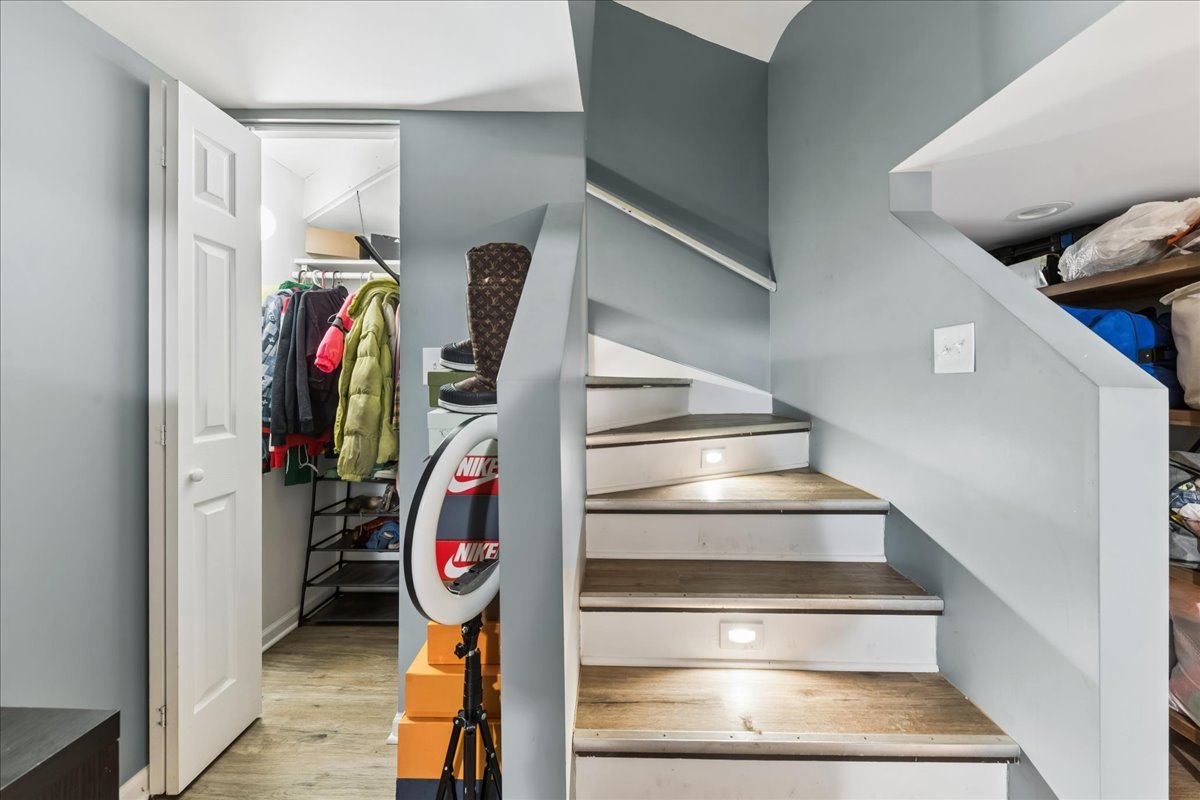 8833 S Dorchester Avenue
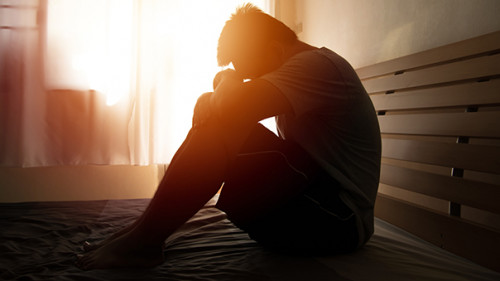 Mann-Depression-294086137-AS-kwanchaift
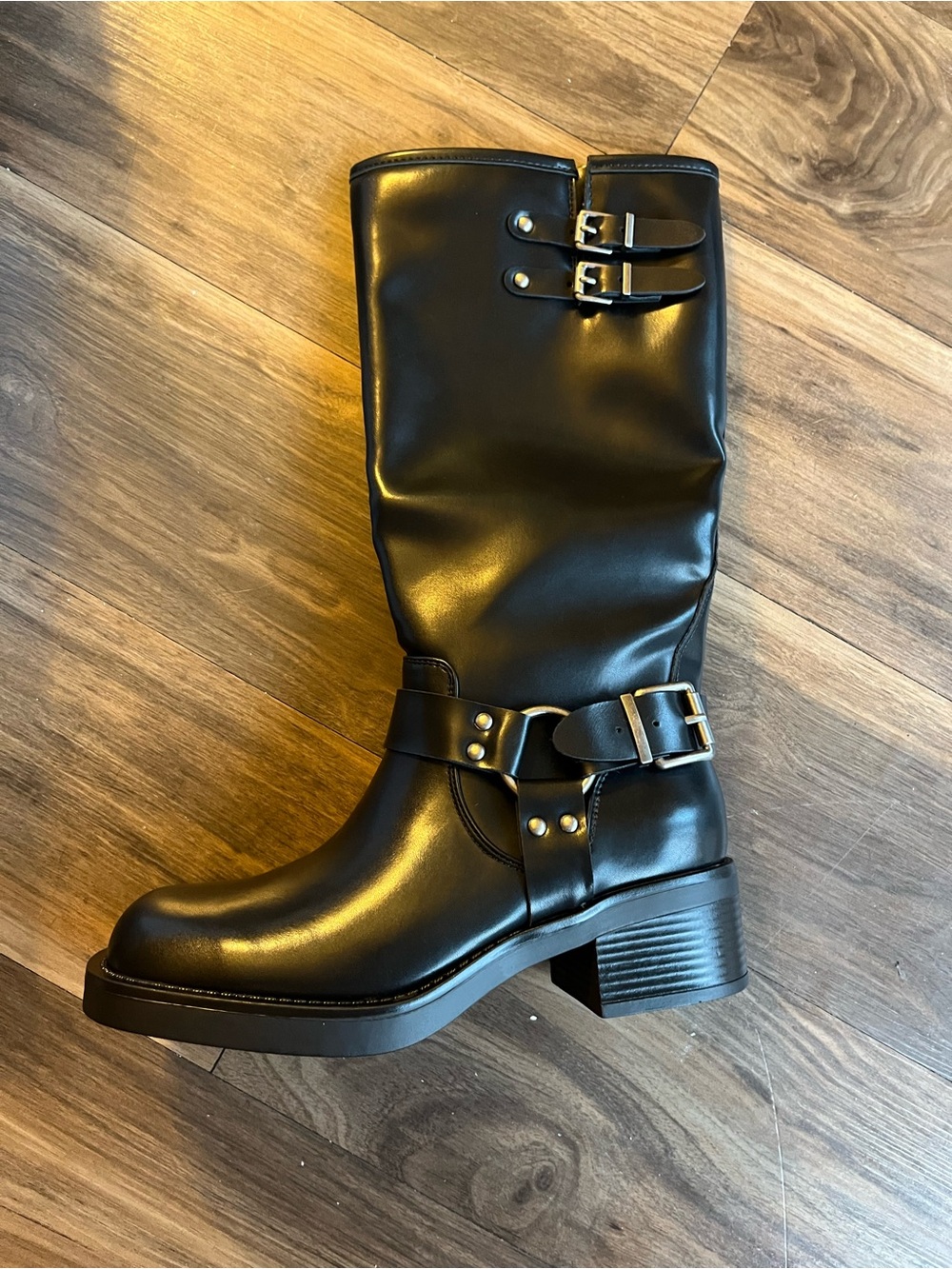 Brand New DreamPairs Women’s Black Pleather Tall Boots in Size 7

> **Problem description**
Without copying any picture, repeat the full listing above word for word.

> **Written response**
 8833 S Dorchester Avenue
 Mann-Depression-294086137-AS-kwanchaift
 Brand New DreamPairs Women’s Black Pleather Tall Boots in Size 7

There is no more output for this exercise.